A Taste of Ukraine - Christmas Special
The joy of home cooked food is wonderfully celebrated by Ukarainian content creator Julia Bezman on her blog The Taste of Home. London-based Julia shares with us some her favourite 2020 Christmas recipes with an Eastern European twist.
"Next time you travel to Eastern Europe you need to try the famous layer cake. It varies in tradition and style from place to place, and while there is an amazing variety of tastes to choose from, one thing is that remains consistent is the incredible richness. Layer cakes use a series of thin dough layers to create a beautiful texture, held together with smooth creams."

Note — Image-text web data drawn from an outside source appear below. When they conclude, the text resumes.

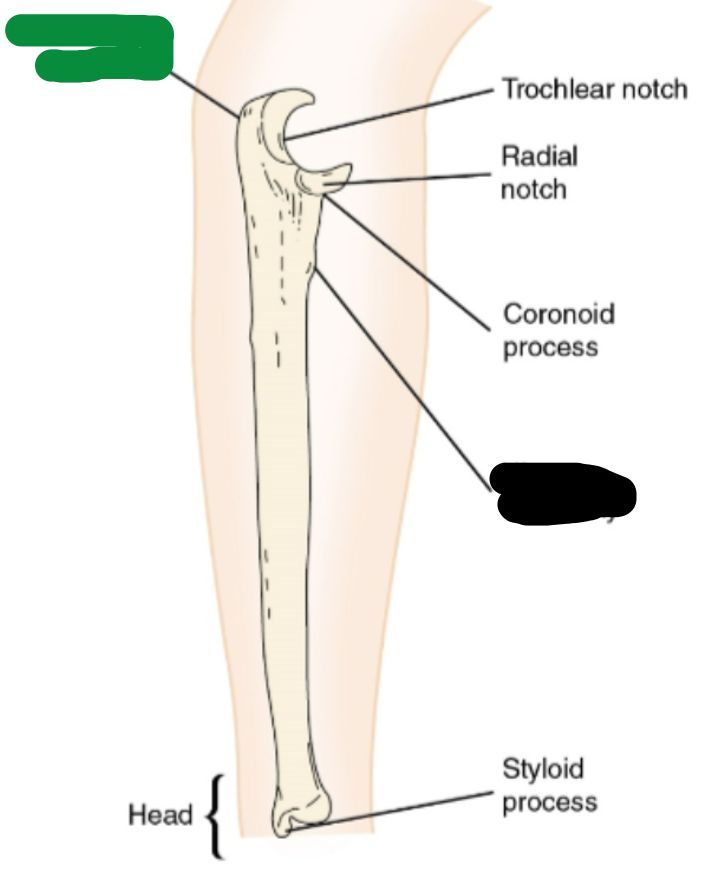 <p>this is a picture of the elbow and ulna</p>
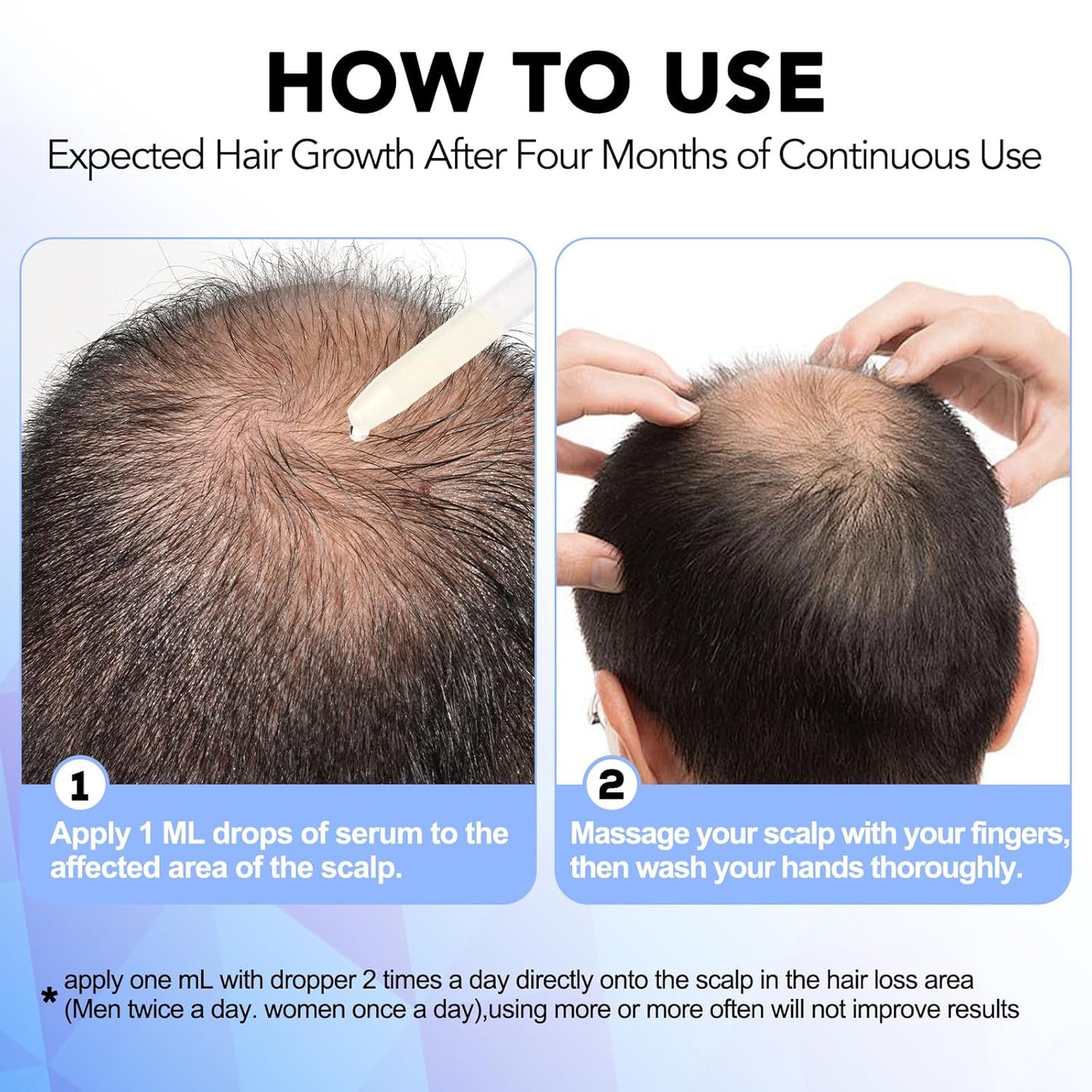 Minoxidil for Men-5% Extra Strength Hair Regrowth for Men Treatment-5% Topical Solution-Dropper Applicator Included -Minoxidil for Women-Stop Thinning & Hair Loss (1pcs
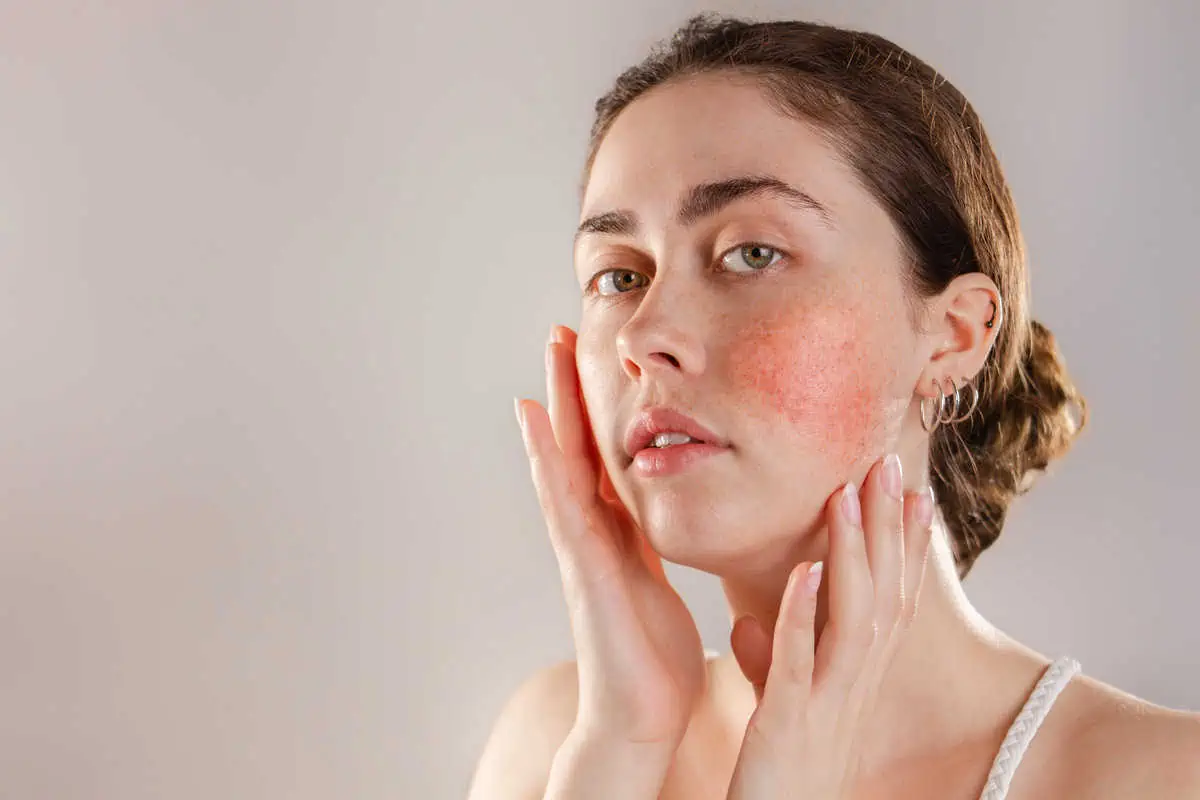 Dermatological Treatments by Sheperd Integrative Dermatology in Mount Pleasant SC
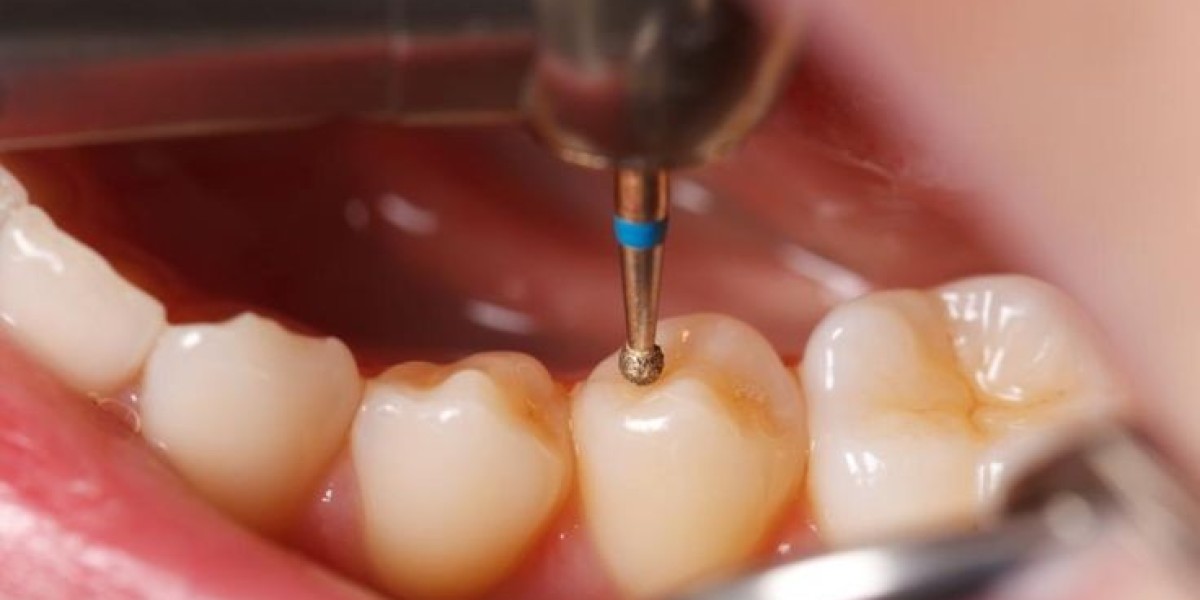 The Role of Dental Filling Treatment in Riyadh in Oral Health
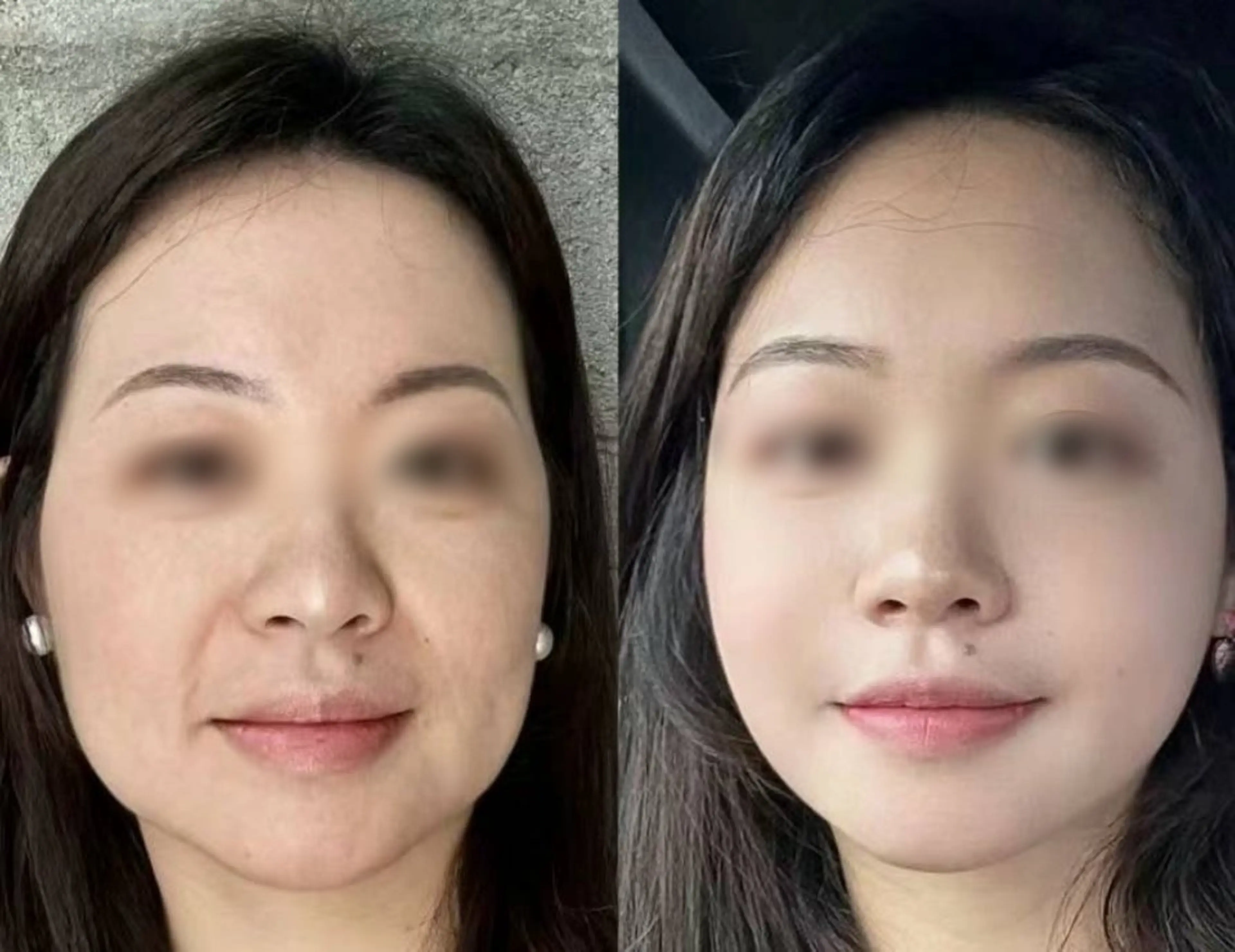 ネイル ブライダルネイル ホワイト aliaハイフ&水光ジェットサロン所属・aliaハーブ水光店 エステティシャン募集のエステ・リラクイメージ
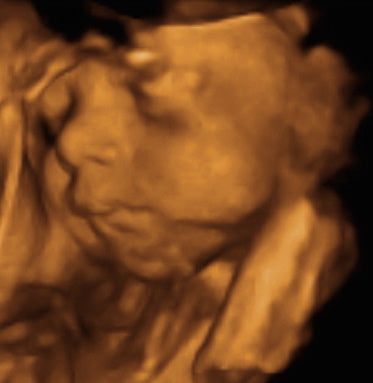 Pregnancy Week image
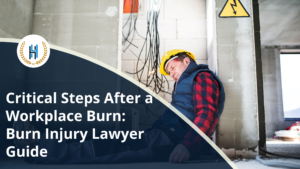 What to Do After Suffering a Burn Injury at Work: Immediate Steps and How a Burn Injury Lawyer Can Help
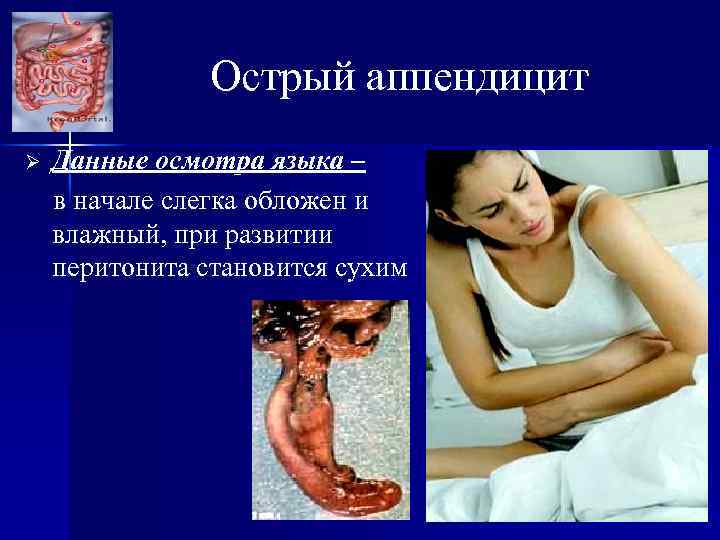 Острый аппендицит Ø Данные осмотра языка – в начале слегка обложен и влажный, при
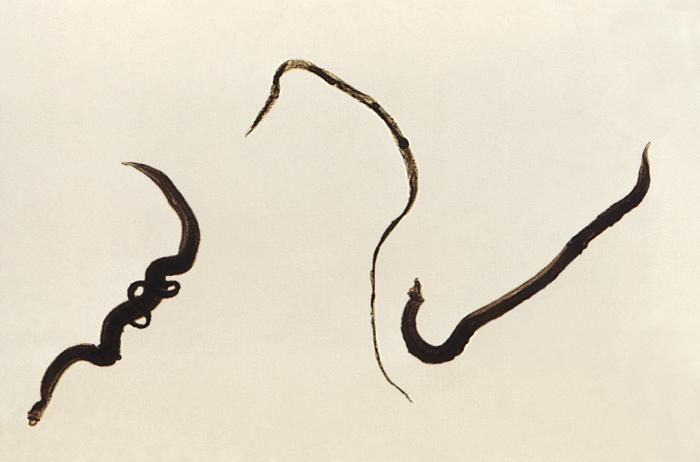 trematodes, mansoni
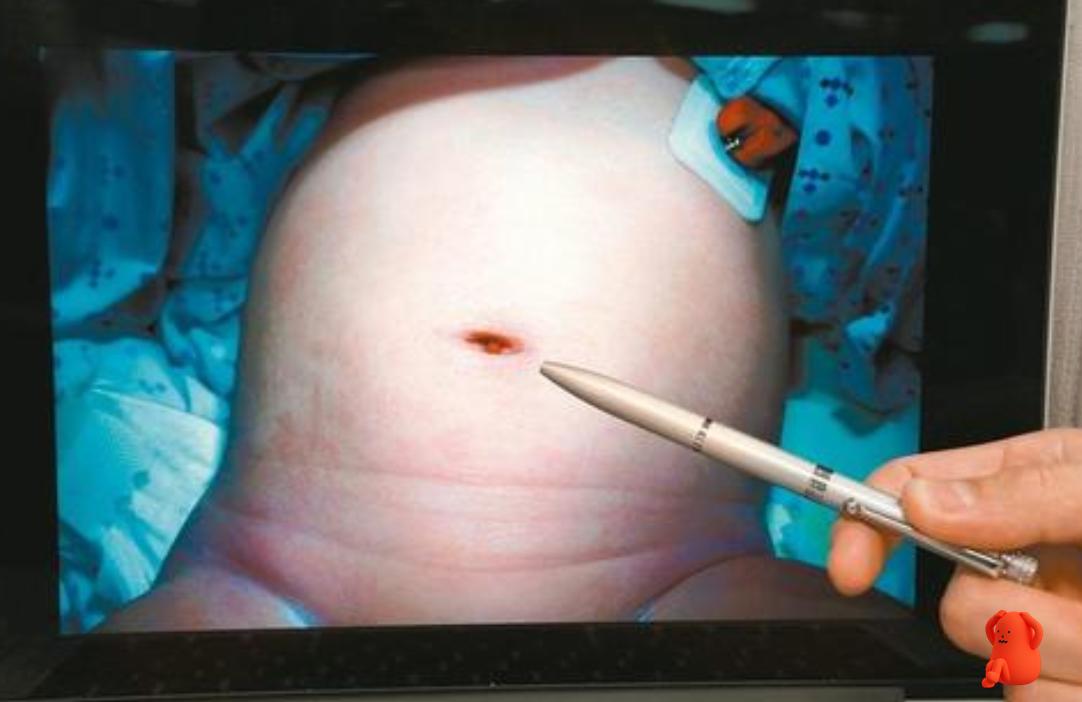 宝宝好奇扣屁股怎么办,宝宝好奇地抠肚脐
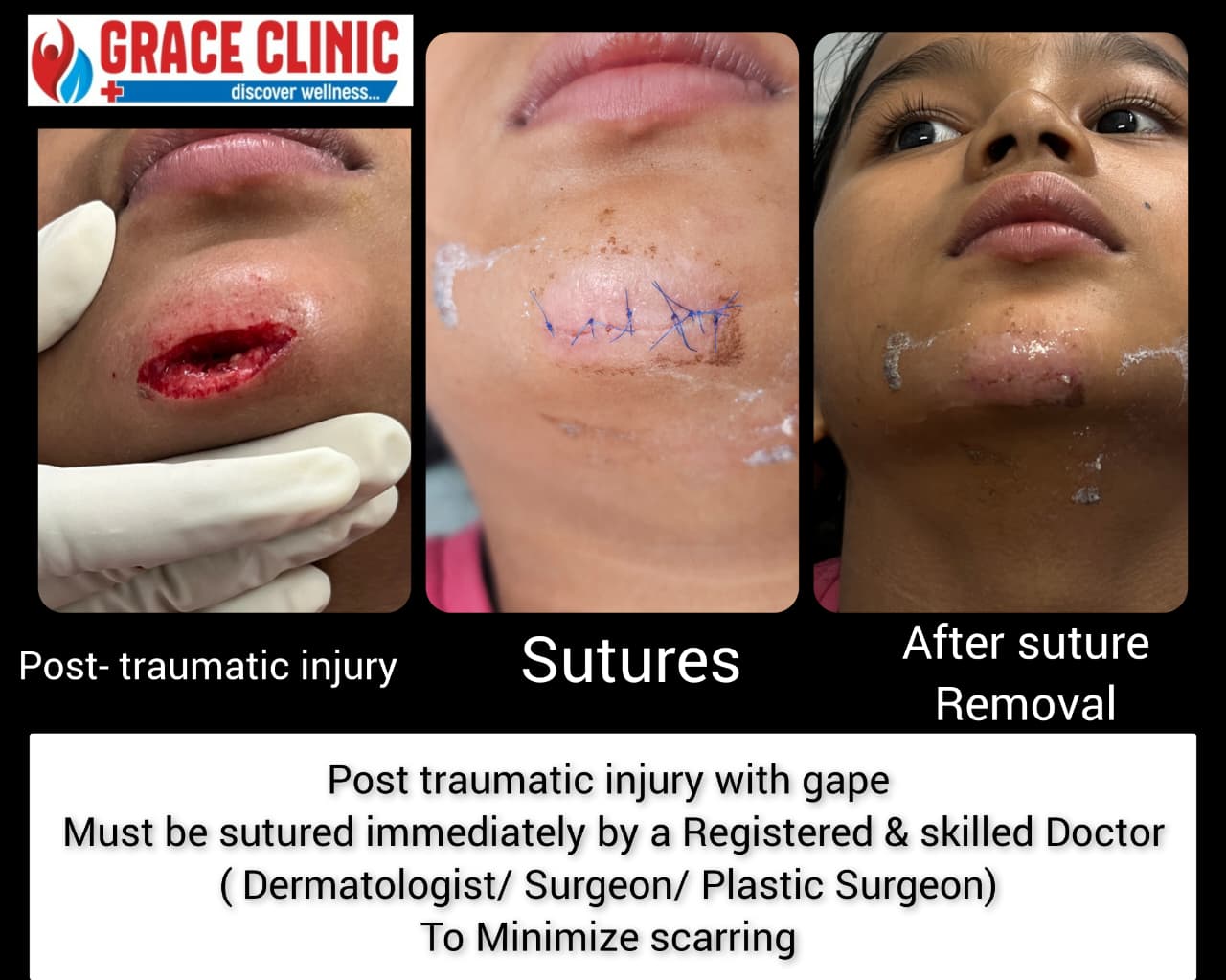 Post Traumatic Injury Suturing and Healing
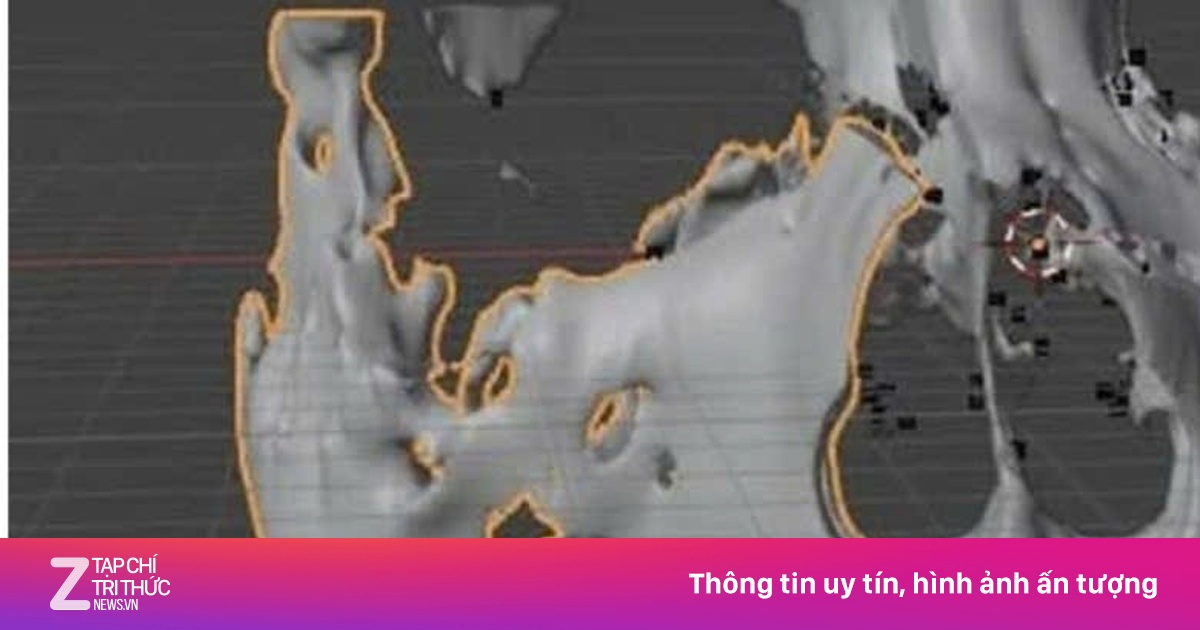 Khối sưng má không đau: Đừng để ung thư hàm mặt âm thầm “ăn” nửa khuôn mặt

Julia’s traditional layered Honey Cake or "Medovik" is a delicious and unconventional way to celebrate what has been an unusual year all round. Here she shares her normally-secret alternative Christmas cake recipe. Over to you, Julia!
Biscuits (dough) layers
100g golden caster sugar
100g butter, soft
1tsp bicarbonate soda
2 eggs, lightly whisked
350g plain flour
500ml creme fraiche (full fat)
100g golden caster sugar
1tsp vanilla paste
Handful roasted, crushed walnuts
Although this might look complicated, as long as you prepare it correctly it will be easy. Take extra care when using the bain-marie water bath.
Preheat the oven to 220 degrees/gas mark 8.
- Fill a pan with water less than halfway to the top, and boil it
- Place a heatproof bowl on top of the boiling pan with and mix in the honey, sugar and butter, stirring continuously on low heat.
- Add the bicarbonate of soda and keep stirring.
- Slowly and gradually add the eggs, continuously stirring/whisking for about 15 minutes – do not leave it!
- Take off the heat and gradually add the flour (You might need slightly less flour – add it until the mixture becomes thick and doughy)
- Place the dough in the fridge for 30 minutes
- Divide the dough into 8 pieces, roll each piece into a round shape like a flat thin pancake.
- Bake each cake layer for about 3-4 mins until it turns golden.
- Now make the cream filling. Place the creme fraiche and sugar in a bowl and whisk until sugar dissolves and the cream starts to thicken, then add the vanilla and walnuts
- Spread the cream evenly on each cake layer, neatly stacking them on top of each other as you add another layer, and around the sides of the cake. For the best results leave the cake in the fridge overnight so that the layers can absorb the cream.
Traditionally Honey Cake is decorated with a layer of leftover milled biscuits, but I like to decorate mine with roasted crushed walnuts or leave it pure white with a few berries on top for a special occasion. Style with a Bodo Sperlein Blossom collection pink plate and your alternative Christmas table is ready!